According to ABI Multifamily, investors spent $1.5 billion on Phoenix-area apartments during the 2018 second quarter, up more than 13 percent 2017.
Forecasters with the Arizona Office of Economic Opportunity expect the state to grow by 1 million people by 2027, with the majority of new residents settling in the Phoenix area. New Phoenicians will need places to live, and many will rent when they first arrive, even those who can afford to buy, while they explore neighborhoods to see which are the best fit for themselves and their families.
This projected population growth is also fueling not only tremendous apartment development, with more than 9,000 new apartments expected to complete construction in the Valley by the end of 2018, and at least 16,000 more in the planning pipeline.

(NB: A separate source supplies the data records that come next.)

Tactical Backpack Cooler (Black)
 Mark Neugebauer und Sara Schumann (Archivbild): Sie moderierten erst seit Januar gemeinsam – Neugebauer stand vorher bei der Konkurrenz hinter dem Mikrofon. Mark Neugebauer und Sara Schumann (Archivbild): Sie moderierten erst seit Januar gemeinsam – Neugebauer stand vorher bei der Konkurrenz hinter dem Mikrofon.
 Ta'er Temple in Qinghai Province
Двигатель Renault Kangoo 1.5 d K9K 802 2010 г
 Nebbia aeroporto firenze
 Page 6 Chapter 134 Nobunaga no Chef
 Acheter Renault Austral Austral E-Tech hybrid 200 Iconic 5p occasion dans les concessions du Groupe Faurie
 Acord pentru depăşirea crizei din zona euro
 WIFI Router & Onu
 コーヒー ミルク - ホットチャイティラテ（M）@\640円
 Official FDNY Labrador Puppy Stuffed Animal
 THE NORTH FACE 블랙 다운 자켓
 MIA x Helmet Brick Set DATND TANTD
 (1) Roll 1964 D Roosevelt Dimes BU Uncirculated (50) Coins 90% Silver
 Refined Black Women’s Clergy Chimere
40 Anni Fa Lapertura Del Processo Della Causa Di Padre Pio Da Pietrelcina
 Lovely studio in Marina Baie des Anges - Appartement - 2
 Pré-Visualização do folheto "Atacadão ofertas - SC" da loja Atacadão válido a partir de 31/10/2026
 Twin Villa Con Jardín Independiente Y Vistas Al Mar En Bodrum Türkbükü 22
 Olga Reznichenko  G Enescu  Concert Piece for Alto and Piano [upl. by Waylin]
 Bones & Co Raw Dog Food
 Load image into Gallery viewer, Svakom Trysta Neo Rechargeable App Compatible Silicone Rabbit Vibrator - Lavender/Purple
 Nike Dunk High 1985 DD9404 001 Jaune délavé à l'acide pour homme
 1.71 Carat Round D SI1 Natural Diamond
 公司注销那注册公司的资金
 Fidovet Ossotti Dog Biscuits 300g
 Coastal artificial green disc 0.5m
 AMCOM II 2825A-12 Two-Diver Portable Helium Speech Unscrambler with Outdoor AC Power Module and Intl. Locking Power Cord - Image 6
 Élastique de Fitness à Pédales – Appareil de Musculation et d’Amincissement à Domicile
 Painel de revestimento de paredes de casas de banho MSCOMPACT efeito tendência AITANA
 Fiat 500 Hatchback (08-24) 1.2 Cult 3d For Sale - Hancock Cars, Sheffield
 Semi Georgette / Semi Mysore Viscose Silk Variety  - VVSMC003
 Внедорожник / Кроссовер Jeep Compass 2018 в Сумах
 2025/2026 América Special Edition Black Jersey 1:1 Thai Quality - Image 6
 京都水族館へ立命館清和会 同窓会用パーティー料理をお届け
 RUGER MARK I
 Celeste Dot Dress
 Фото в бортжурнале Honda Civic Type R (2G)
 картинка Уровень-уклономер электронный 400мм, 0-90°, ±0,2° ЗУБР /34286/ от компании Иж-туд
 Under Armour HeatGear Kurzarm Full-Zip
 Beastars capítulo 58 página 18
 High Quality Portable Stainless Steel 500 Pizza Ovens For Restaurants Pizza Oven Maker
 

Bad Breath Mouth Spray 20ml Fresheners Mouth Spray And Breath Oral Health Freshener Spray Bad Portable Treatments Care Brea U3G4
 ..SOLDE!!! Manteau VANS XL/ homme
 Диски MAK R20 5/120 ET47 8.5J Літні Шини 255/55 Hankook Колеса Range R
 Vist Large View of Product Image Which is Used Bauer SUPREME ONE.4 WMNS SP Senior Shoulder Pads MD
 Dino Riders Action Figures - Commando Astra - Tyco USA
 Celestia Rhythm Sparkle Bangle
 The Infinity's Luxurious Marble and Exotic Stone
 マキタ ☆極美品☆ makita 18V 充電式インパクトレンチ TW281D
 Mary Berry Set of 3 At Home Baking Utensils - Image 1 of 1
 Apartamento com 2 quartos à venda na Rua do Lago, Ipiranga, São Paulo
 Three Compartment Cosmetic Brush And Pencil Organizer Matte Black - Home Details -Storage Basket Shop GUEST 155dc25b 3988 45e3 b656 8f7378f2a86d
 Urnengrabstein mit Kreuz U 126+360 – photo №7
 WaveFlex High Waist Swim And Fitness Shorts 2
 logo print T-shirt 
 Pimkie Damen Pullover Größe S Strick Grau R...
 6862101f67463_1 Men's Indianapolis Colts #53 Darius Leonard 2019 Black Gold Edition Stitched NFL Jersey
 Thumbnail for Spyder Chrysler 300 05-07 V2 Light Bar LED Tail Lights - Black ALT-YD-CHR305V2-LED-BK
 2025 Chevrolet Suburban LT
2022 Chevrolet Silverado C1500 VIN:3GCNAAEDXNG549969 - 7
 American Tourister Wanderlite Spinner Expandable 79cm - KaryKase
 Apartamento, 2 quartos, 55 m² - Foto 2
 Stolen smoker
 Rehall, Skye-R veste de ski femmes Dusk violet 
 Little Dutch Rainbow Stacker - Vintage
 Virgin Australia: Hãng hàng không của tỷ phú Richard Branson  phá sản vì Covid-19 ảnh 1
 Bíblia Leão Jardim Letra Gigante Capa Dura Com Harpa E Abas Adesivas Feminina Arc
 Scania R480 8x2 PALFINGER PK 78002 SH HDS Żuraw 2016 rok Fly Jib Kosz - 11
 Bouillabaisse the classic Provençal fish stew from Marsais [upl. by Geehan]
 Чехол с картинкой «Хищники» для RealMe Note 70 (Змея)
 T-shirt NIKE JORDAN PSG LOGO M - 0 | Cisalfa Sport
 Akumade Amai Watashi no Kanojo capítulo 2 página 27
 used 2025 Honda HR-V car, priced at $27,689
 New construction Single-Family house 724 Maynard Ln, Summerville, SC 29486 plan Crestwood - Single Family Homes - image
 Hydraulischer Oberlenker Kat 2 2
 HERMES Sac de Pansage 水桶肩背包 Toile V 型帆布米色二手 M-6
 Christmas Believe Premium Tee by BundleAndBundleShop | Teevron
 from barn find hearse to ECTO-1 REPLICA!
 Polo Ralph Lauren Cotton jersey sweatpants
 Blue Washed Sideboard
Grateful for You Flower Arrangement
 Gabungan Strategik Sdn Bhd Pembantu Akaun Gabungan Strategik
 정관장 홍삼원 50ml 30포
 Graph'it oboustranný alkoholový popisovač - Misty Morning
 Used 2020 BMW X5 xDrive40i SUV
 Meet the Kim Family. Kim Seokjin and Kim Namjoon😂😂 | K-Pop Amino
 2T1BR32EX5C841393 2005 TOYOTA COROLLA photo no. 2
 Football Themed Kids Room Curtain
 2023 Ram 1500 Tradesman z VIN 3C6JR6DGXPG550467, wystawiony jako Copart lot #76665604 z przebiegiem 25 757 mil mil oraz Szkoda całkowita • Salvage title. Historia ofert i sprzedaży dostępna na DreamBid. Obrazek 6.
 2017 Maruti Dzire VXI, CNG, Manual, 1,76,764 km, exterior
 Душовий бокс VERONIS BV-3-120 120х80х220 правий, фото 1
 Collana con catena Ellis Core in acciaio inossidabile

But new development alone won’t meet Phoenix’s rental housing shortage, and housing officials as well as investors and developers are looking to rejuvenate the metro area’s old neighborhoods including vacant and neglected properties, aging community service buildings, relics of long-standing lack of public and private investment funds.
The housing authority’s plan is to upgrade affordable housing inventory across Maricopa County by resurrecting neglected properties in older communities and has already renovated or rebuilt more than half of its rental units in the historic Coffelt-Lamoreaux neighborhood of Phoenix, and another project underway in Tempe.
For smaller-scale investors and home flippers, as well as residents wishing to preserve homes on the National Historic Register, saving and renovating old and rundown properties and reopening them to renters is a big step toward providing affordable rentals at a time when the Valley’s rapidly rising rents and home prices are making it increasingly difficult for many to find housing they can afford.
Throughout the central Valley, older affordable apartments have been torn down and replaced with new, much more expensive units. The lack of affordable housing is reaching crisis levels as statewide, rents are increasing faster than median incomes.
For investors who aren’t prepared to buy or develop multi-million dollar rental communities, the housing authority’s projects have spurred private investment in surrounding areas. Options for refurbishing older properties and making them available at affordable prices are allowing investors to add Phoenix’s red-hot residential real estate market to their portfolios while helping to alleviate the area’s dire shortage of available affordable rentals.
In the City of Surprise, for instance, The Housing Authority of Maricopa County has plans for a new affordable housing project, Heritage at Surprise, located on the corner of Rimrock Street and Nash Avenue, where Floyd Gaines Park is now. Heritage in Surprise will offer a 2-bedroom apartment for rent at $627 monthly, slightly more than half the city’s average price of $1,168, according to RentCafé.
Heritage will offer 100 affordable units and is expected to be transformative for the Original Town Site.
Another example is Madison Heights, an affordable housing complex on Dysart Road in Avondale. Transformed from a dreary block building with evaporative coolers to a bright, contemporary complex with air conditioning, balconies and patios, the developer constructed interior walkways and the city of Avondale added improvements including a sidewalk to the streetscape along Dysart Road.
Currently, a private developer is looking to build single-family homes on a vacant lot adjacent to the Madison Heights property. By investing in neglected areas, these areas of Phoenix expects to see private investors following suit.